Here is something interesting about how heresies and schisms were handled at the Council of Nicea.

The Meletian schism was started by Bishop Meletius in the regions of Egypt as a rigorist movement that denied the sacraments to those who had equivocated during the Diocletian persecutions. Meltius began consecrating men to the episcopate (alone, not in the canonical mode of three consecrators). There were between 29 and 35 Melitian bishops by AD 325.

The Council of Nicea ruled that if reconciled the schismat Melitian bishops could function as Catholic bishops. They received something like an ordination to perfect what was lacking before the translated text of Nicea reads:

“but that those who have been placed by him [Meletius], after they have been confirmed by a more sacred laying on of hands, shall on these conditions be admitted to communion: that they shall both have their rank and the right to officiate.”

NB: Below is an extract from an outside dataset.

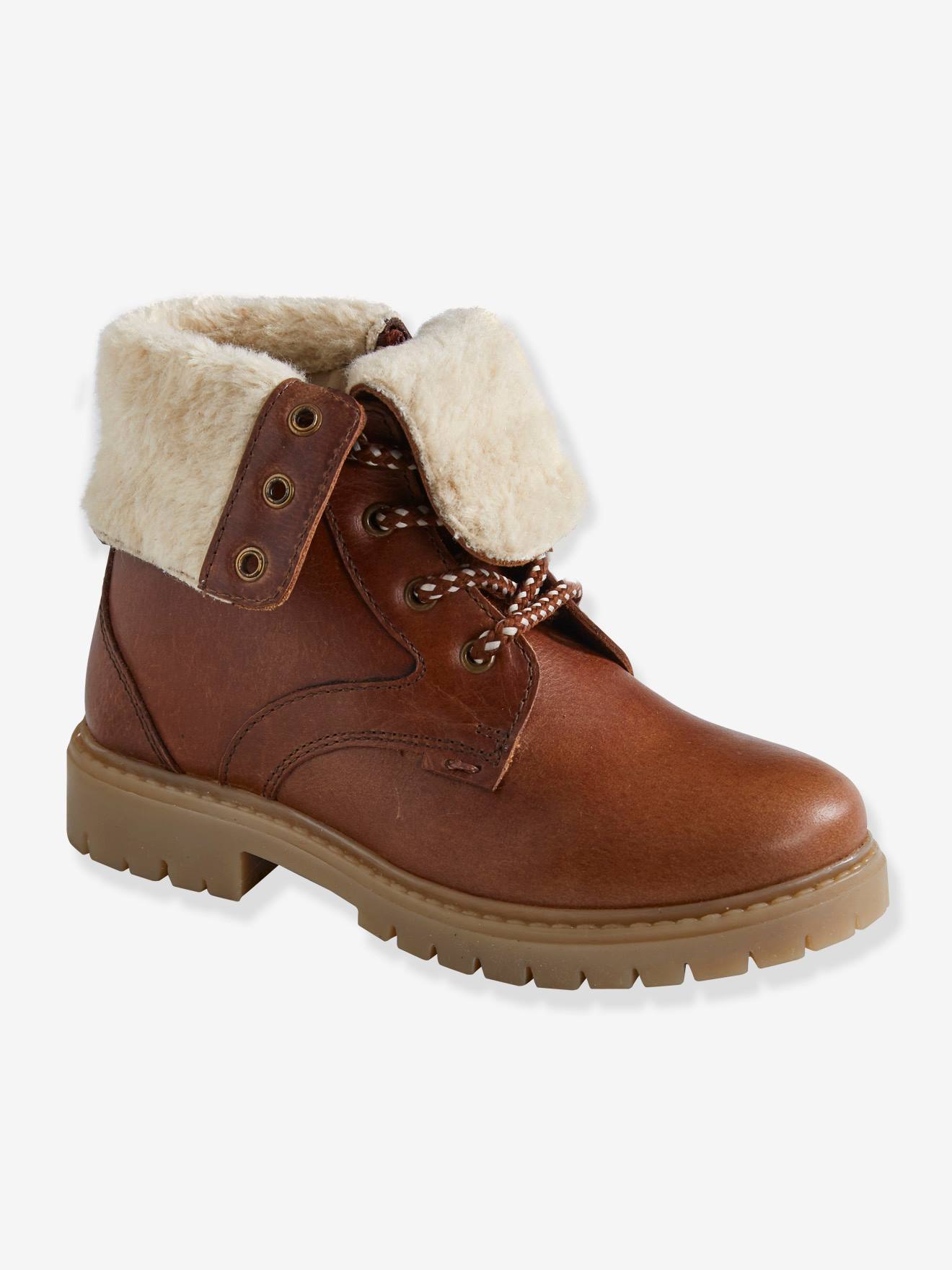 Botines de piel para niño con vuelta de pelo sintético marron oscuro liso -  Vertbaudet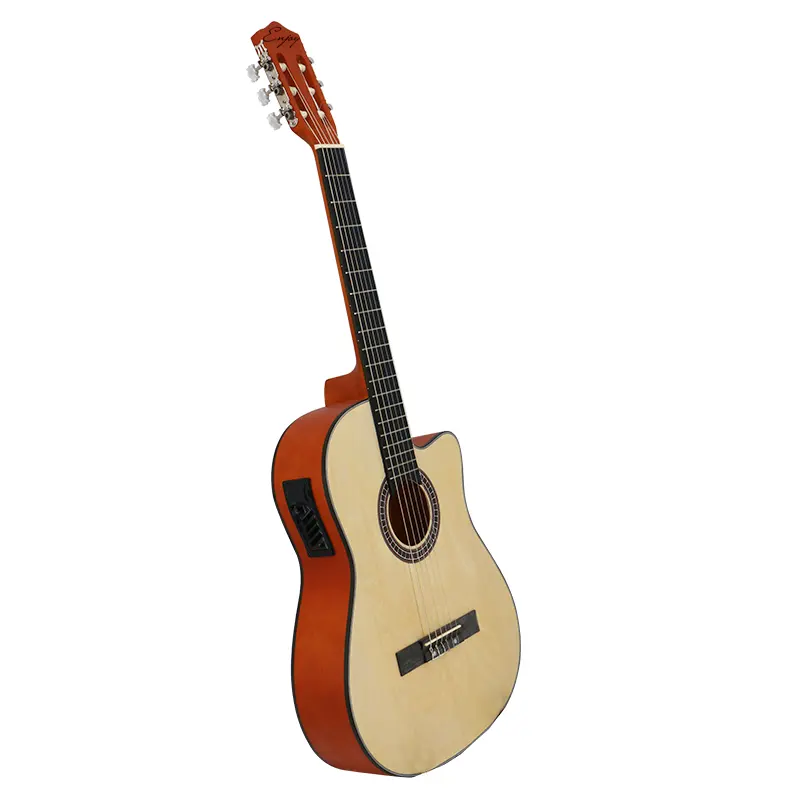 Prix bon marché d'usine 6 cordes 39 pouces pleine guitare classique acoustique en coupe de tilleul avec égaliseur à 4 bandes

After receiving “more sacred laying on of hands” these Meletian bishops were allowed to function as bishops in Egypt under the close attention of the Patriarch of Alexandria and when seated Catholic bishops died, they were to be allowed to replace them in the Sees with permission of the Patriarch of Alexandria. As for Meletius, he was allowed to be called an “episcopos” but deprived of all episcopal faculties.

In the end, it seems that Meletius did not favor the graciousness of the Council but eventually joined up with the Arians.